Selon les offices cantonaux concernés, le nombre d'affaires de licenciements pendant et après le congé de maternité a augmenté ces dernières années. La plupart du temps, l'employée est congédiée à son retour, à l'issue du délai de protection contre le licenciement. A Bâle-Ville, on dispose même de chiffres: deux cas de ce genre sont enregistrés chaque semaine.

En lien avec la pression du monde du travail

Du côté des syndicats, les questions juridiques autour des femmes enceintes ont augmenté dans plusieurs régions, selon une responsable à Unia. Même topo chez Syna. Pour son porte-parole Dieter Egli, «cette discrimination augmente avec la pression générale qui règne dans le monde du travail, en particulier dans les professions dites féminines, comme la vente». Il ajoute: «Les employeurs pensent souvent que les femmes qui ont de jeunes enfants causent des problèmes».

Le porte-parole explique en outre que de plus en plus de femmes enceintes quittent leur travail sans même bénéficier du congé maternité et de sa protection contre le licenciement. Selon lui, il est en effet désormais très courant que les employeurs forcent les femmes à démissionner dès le début de leur grossesse. «Ils leur expliquent simplement qu'ils n'ont pas de travail convenable à leur offrir pendant cette durée», précise-t-il.

L'UPS dément mais...

Du côté de l'Union patronale suisse (UPS), on s'énerve. «Les mères sont des employées qualifiées à qui les employeurs continuent volontiers de donner du travail», affirme son porte-parole Fredy Greuter. Selon lui, l'UPS ne conseille pas de licencier une maman lors de son premier jour de reprise du travail. Et il juge incompréhensible que les employeurs se servent du congé maternité comme prétexte pour se séparer des jeunes mères. Mais il ne le nie pas: les entreprises en difficulté n'arrivent parfois pas à éviter leur licenciement quand elles se réorganisent.

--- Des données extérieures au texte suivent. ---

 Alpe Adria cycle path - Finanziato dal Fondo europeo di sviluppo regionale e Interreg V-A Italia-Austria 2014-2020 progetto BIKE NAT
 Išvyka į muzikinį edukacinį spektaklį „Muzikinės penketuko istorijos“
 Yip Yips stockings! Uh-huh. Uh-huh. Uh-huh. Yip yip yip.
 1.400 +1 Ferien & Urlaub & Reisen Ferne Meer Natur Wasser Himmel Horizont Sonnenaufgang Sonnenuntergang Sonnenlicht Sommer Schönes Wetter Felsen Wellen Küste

Et Dieter Egli, de Syna, le confirme: «le problème fondamental est qu'en Suisse, il n'existe aucune protection contre le licenciement pour raisons économiques après le congé de maternité légal.»

En vigueur depuis 14 ans

Le congé maternité a été accepté au niveau fédéral par le peuple en octobre 2003. Il est en vigueur depuis le 1er juillet 2005. Il prévoit au minimum 14 semaines de congé à 80% du salaire. En outre, l'employeur ne peut résilier le contrat d’une travailleuse ni durant la grossesse, ni dans les 16 semaines qui suivent l’accouchement.

Certains employeurs n’hésitent pas à licencier leurs employées à l’issue de cette période de protection, par crainte que leurs nouvelles obligations familiales affectent leur présence au travail. Dans ce cas, le licenciement est discriminatoire.

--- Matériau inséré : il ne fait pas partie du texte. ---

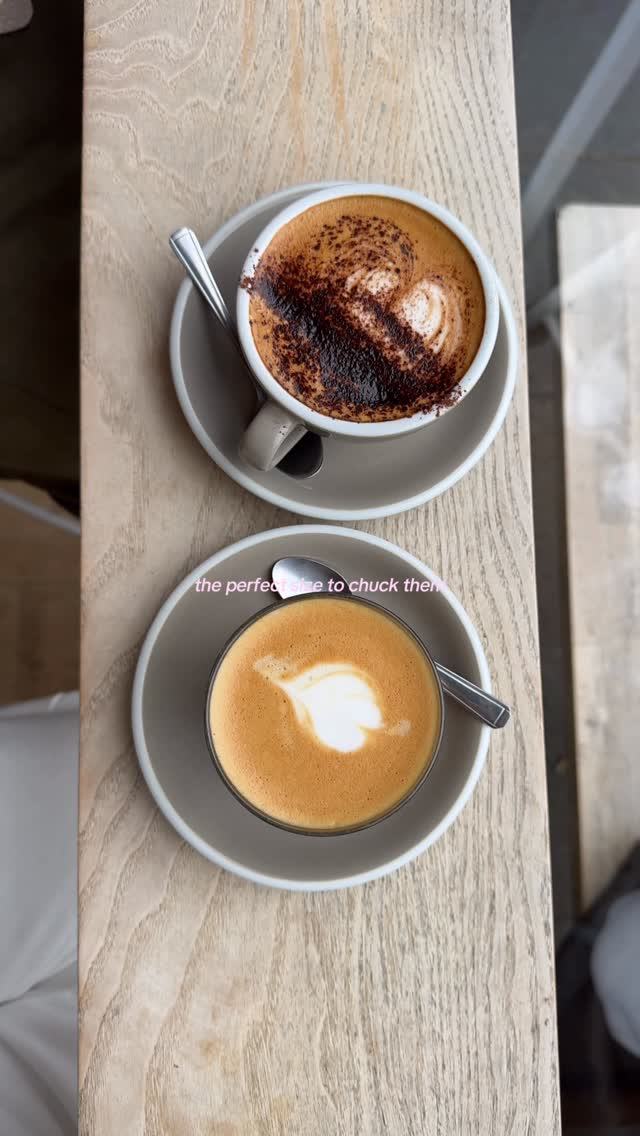 Instagram post by @oliwia.sierakowska for Adored By. Caption reads: [...] you only have 5 mins to get ready but....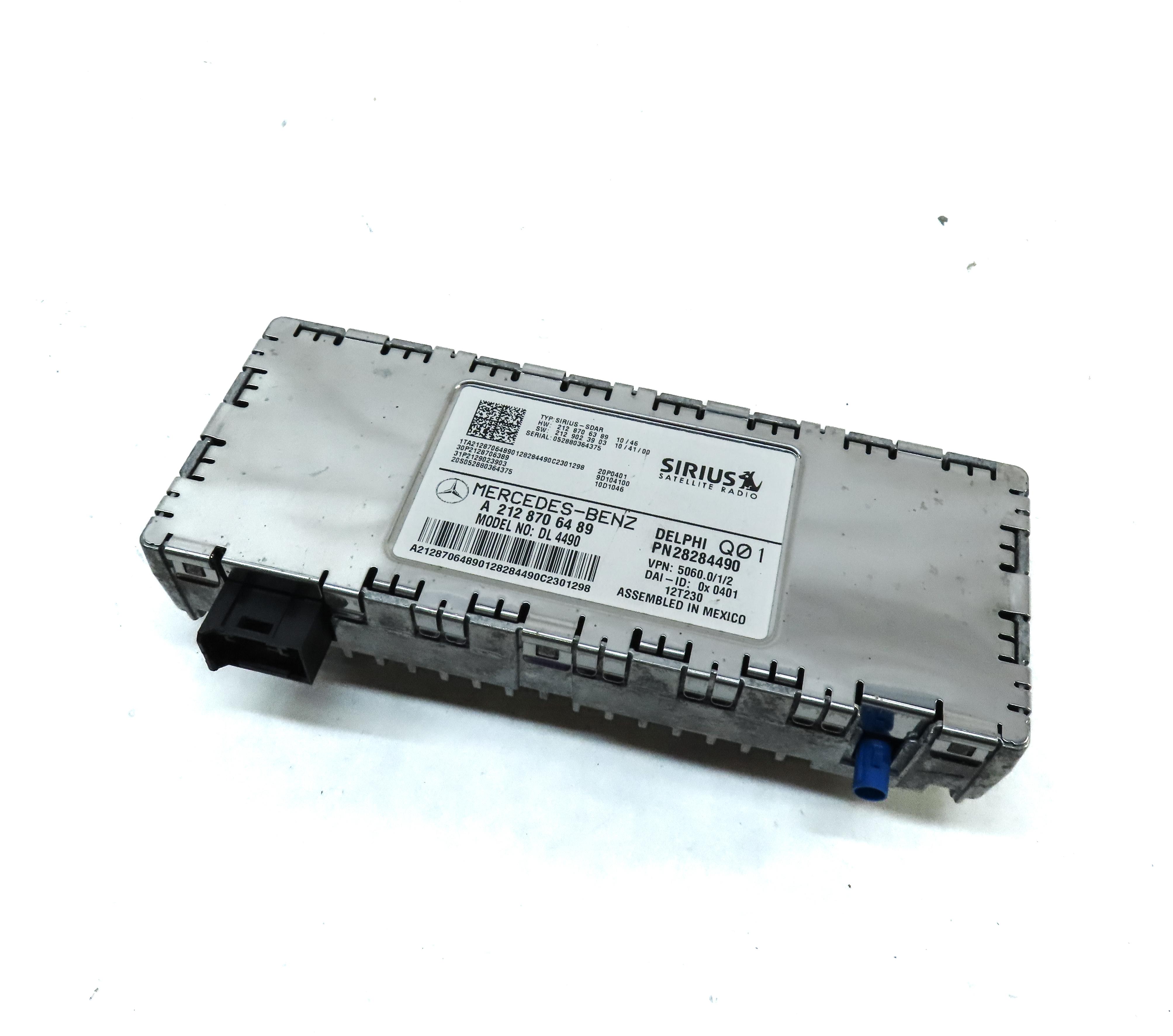 13 MERCEDES C250 (W204) STEREO SIRIUS SATELLITE RADIO RECEIVER CONTROL MODULE — exact item pictured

Il s'agit donc d'un congé abusif. La travailleuse a la possibilité de le contester, mais pas d’en demander l’annulation. Elle ne peut pas non plus demander son réengagement. Son emploi est perdu. Elle peut en revanche prétendre à une indemnité. Dans le meilleur des cas l’employeur sera contraint de verser une indemnité fixée à six mois de salaire au maximum.